▶ **TRY IT**:
All of the entries need to be repeated exactly. Leave nothing out.

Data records
◆ ◆ ◆ ◆ ◆
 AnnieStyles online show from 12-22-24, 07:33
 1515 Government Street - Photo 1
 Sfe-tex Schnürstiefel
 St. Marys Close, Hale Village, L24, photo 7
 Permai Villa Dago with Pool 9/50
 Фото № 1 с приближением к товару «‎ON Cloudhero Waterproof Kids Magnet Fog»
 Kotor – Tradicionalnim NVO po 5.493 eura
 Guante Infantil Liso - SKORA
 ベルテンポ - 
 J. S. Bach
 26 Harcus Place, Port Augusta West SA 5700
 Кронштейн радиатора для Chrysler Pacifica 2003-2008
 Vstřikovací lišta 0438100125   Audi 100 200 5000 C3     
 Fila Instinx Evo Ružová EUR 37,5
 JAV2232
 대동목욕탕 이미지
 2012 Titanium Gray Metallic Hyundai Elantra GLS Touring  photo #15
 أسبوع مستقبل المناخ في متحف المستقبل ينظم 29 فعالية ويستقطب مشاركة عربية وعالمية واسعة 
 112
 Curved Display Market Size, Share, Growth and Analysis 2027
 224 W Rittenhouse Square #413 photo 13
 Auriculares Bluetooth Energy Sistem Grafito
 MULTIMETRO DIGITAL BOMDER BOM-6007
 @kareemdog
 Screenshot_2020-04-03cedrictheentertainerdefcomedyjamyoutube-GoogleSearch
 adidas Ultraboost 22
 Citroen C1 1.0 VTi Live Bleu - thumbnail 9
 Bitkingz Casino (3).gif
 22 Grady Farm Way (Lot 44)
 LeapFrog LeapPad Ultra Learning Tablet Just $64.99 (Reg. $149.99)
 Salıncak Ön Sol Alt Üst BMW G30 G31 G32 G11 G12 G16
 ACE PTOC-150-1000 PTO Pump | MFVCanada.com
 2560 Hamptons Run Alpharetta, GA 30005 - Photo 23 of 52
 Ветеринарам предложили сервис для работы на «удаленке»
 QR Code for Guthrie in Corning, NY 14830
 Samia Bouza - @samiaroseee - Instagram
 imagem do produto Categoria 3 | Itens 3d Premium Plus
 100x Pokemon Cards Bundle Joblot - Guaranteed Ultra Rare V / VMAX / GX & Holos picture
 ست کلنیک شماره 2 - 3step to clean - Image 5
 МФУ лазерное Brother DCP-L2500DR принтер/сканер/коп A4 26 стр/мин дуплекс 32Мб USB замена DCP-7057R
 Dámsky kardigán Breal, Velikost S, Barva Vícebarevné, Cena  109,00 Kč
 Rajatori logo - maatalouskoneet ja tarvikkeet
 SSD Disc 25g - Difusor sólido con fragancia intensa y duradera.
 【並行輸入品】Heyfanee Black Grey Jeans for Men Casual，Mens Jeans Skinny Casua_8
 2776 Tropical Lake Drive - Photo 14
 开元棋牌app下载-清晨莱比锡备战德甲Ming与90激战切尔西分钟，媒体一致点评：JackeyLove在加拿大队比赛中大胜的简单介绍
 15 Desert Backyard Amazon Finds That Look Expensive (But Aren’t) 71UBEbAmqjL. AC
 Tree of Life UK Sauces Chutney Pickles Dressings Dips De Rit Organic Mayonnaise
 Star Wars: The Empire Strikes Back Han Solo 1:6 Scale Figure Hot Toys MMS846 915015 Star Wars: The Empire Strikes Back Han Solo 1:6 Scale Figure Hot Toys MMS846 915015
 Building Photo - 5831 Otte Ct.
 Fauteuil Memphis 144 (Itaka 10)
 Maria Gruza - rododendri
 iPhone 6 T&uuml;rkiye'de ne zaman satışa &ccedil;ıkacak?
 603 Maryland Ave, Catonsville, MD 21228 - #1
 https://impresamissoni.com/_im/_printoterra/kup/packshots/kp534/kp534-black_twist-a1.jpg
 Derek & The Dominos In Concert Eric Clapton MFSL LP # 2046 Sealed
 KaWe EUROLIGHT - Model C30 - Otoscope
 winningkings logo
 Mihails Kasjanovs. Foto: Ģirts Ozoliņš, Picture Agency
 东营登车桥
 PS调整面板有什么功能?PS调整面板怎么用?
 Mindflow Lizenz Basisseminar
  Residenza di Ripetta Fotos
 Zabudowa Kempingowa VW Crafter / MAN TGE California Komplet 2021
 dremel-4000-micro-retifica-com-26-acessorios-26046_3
◆ ◆ ◆ ◆ ◆
▶ **RESPONSE BOX**:
 AnnieStyles online show from 12-22-24, 07:33
 1515 Government Street - Photo 1
 Sfe-tex Schnürstiefel
 St. Marys Close, Hale Village, L24, photo 7
 Permai Villa Dago with Pool 9/50
 Фото № 1 с приближением к товару «‎ON Cloudhero Waterproof Kids Magnet Fog»
 Kotor – Tradicionalnim NVO po 5.493 eura
 Guante Infantil Liso - SKORA
 ベルテンポ - 
 J. S. Bach
 26 Harcus Place, Port Augusta West SA 5700
 Кронштейн радиатора для Chrysler Pacifica 2003-2008
 Vstřikovací lišta 0438100125   Audi 100 200 5000 C3     
 Fila Instinx Evo Ružová EUR 37,5
 JAV2232
 대동목욕탕 이미지
 2012 Titanium Gray Metallic Hyundai Elantra GLS Touring  photo #15
 أسبوع مستقبل المناخ في متحف المستقبل ينظم 29 فعالية ويستقطب مشاركة عربية وعالمية واسعة 
 112
 Curved Display Market Size, Share, Growth and Analysis 2027
 224 W Rittenhouse Square #413 photo 13
 Auriculares Bluetooth Energy Sistem Grafito
 MULTIMETRO DIGITAL BOMDER BOM-6007
 @kareemdog
 Screenshot_2020-04-03cedrictheentertainerdefcomedyjamyoutube-GoogleSearch
 adidas Ultraboost 22
 Citroen C1 1.0 VTi Live Bleu - thumbnail 9
 Bitkingz Casino (3).gif
 22 Grady Farm Way (Lot 44)
 LeapFrog LeapPad Ultra Learning Tablet Just $64.99 (Reg. $149.99)
 Salıncak Ön Sol Alt Üst BMW G30 G31 G32 G11 G12 G16
 ACE PTOC-150-1000 PTO Pump | MFVCanada.com
 2560 Hamptons Run Alpharetta, GA 30005 - Photo 23 of 52
 Ветеринарам предложили сервис для работы на «удаленке»
 QR Code for Guthrie in Corning, NY 14830
 Samia Bouza - @samiaroseee - Instagram
 imagem do produto Categoria 3 | Itens 3d Premium Plus
 100x Pokemon Cards Bundle Joblot - Guaranteed Ultra Rare V / VMAX / GX & Holos picture
 ست کلنیک شماره 2 - 3step to clean - Image 5
 МФУ лазерное Brother DCP-L2500DR принтер/сканер/коп A4 26 стр/мин дуплекс 32Мб USB замена DCP-7057R
 Dámsky kardigán Breal, Velikost S, Barva Vícebarevné, Cena  109,00 Kč
 Rajatori logo - maatalouskoneet ja tarvikkeet
 SSD Disc 25g - Difusor sólido con fragancia intensa y duradera.
 【並行輸入品】Heyfanee Black Grey Jeans for Men Casual，Mens Jeans Skinny Casua_8
 2776 Tropical Lake Drive - Photo 14
 开元棋牌app下载-清晨莱比锡备战德甲Ming与90激战切尔西分钟，媒体一致点评：JackeyLove在加拿大队比赛中大胜的简单介绍
 15 Desert Backyard Amazon Finds That Look Expensive (But Aren’t) 71UBEbAmqjL. AC
 Tree of Life UK Sauces Chutney Pickles Dressings Dips De Rit Organic Mayonnaise
 Star Wars: The Empire Strikes Back Han Solo 1:6 Scale Figure Hot Toys MMS846 915015 Star Wars: The Empire Strikes Back Han Solo 1:6 Scale Figure Hot Toys MMS846 915015
 Building Photo - 5831 Otte Ct.
 Fauteuil Memphis 144 (Itaka 10)
 Maria Gruza - rododendri
 iPhone 6 T&uuml;rkiye'de ne zaman satışa &ccedil;ıkacak?
 603 Maryland Ave, Catonsville, MD 21228 - #1
 https://impresamissoni.com/_im/_printoterra/kup/packshots/kp534/kp534-black_twist-a1.jpg
 Derek & The Dominos In Concert Eric Clapton MFSL LP # 2046 Sealed
 KaWe EUROLIGHT - Model C30 - Otoscope
 winningkings logo
 Mihails Kasjanovs. Foto: Ģirts Ozoliņš, Picture Agency
 东营登车桥
 PS调整面板有什么功能?PS调整面板怎么用?
 Mindflow Lizenz Basisseminar
  Residenza di Ripetta Fotos
 Zabudowa Kempingowa VW Crafter / MAN TGE California Komplet 2021
 dremel-4000-micro-retifica-com-26-acessorios-26046_3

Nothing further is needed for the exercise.